Hablando con precisión, son incontables los días que vieron a nuestro pueblo caminar entre llantos y cantos. El día 8 de enero viajé a Bilbo en uno de los muchos autobuses habilitados al efecto. Apenas acomodados en los asientos, ya se palpaba en el ambiente una alegría compartida. La euforia se incrementaba a medida que íbamos conformando la ingente marea humana que pugnaba por abrirse camino y avanzar. El recorrido fue un hervidero de saludos fugaces y entrañables. Allá estábamos gentes llegadas de toda Euskal Herria y ‑no me cansaré de recordarlo- de otras muchas latitudes; su presencia aportaba el cálido apoyo de la solidaridad. Nos sabíamos vigilados, pero aquellas medidas no conseguían ahogar nuestras risas.

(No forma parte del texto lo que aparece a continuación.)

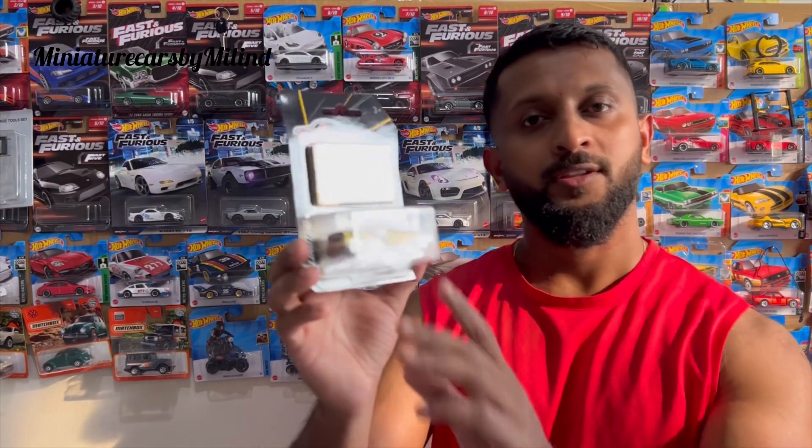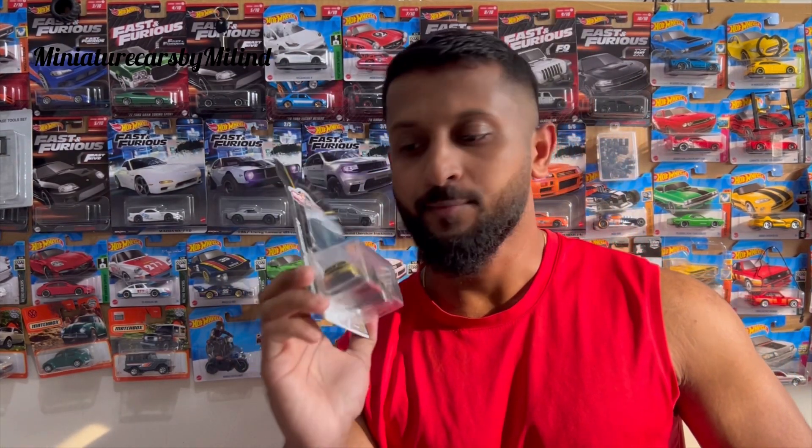We are going to take a diecast from 1 to 64 ratio. We are going to take a diecast from a semi-opening item with a gold paint job. We are going to just unbox this car.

¿Qué he dicho? No había fotografías de presos ni consignas prohibidas, pero estábamos cometiendo un delito intolerable: el regocijo. Así lo entendió el ministro Pérez, que movió los hilos pertinentes para ahogar aquel entusiasmo generalizado. En esta ocasión no echó mano de los miles de policías con que cuenta para reprimir; le bastaban los corrosivos mensajes para distorsionar. Rubalcaba dictó el guión que sus fieles pregoneros se encargaron de airear; quien analice lo dicho por Pastor o Urkullu respecto a la marcha encontrará asombrosas coincidencias. Como no pudieron ocultar su previsible magnitud, trabajaron a destajo para deslegitimar su mensaje. Madrugaron en su empeño por confundir el objetivo de la convocatoria, sembrar desaliento e insultar a los asistentes tildándolos de tontos útiles. Pastor hablaba para los españoles y, en su mensaje burdo, rivalizaba con el PP. Urkullu lo tenía más complicado: a él le tocaba atar en corto a sus propias bases sociales que tienen abundantes vínculos con la población reclusa. El Grupo Noticias publicó un editorial titulado: «Una muestra de fortaleza y de debilidad». Se referían a la izquierda abertzale, pero bien se podía aplicar el cuento. El PNV tuvo suficiente fuerza como para mantener a toda su gente desmovilizada, pero dejó en evidencia su cada vez mayor debilidad: una gran multitud repletaba Bilbo sin pedir permiso a los jelkides. Un disciplinado PNV, obligado a quedarse al margen, distraía en los batzokis su forzada obediencia y su soledad. A la misma hora, toda la Euskal Herria soberanista iba abriendo camino al futuro. A través de unas calles anchurosas y bajo el embrujo mágico de una noche tibia, 65.000 personas expresaban ‑entre alegrías, llantos y cantos- su solidaridad con los cientos de presos y con sus incontables familiares.
Carlos Aznárez, compañero argentino, fue uno de los convocantes y participantes en la marcha; nos comentaba su emoción cuando el clamor «Euskal presoak, etxera» enlazaba ambas orillas de la ría. Días más tarde escribía en «Resumen Latinoamericano», del que es director: «Había que hacer esfuerzos para evitar que las lágrimas no salieran en borbollón cuando esa inmensa multitud entonó espontáneamente el «Hator, hator etxera»».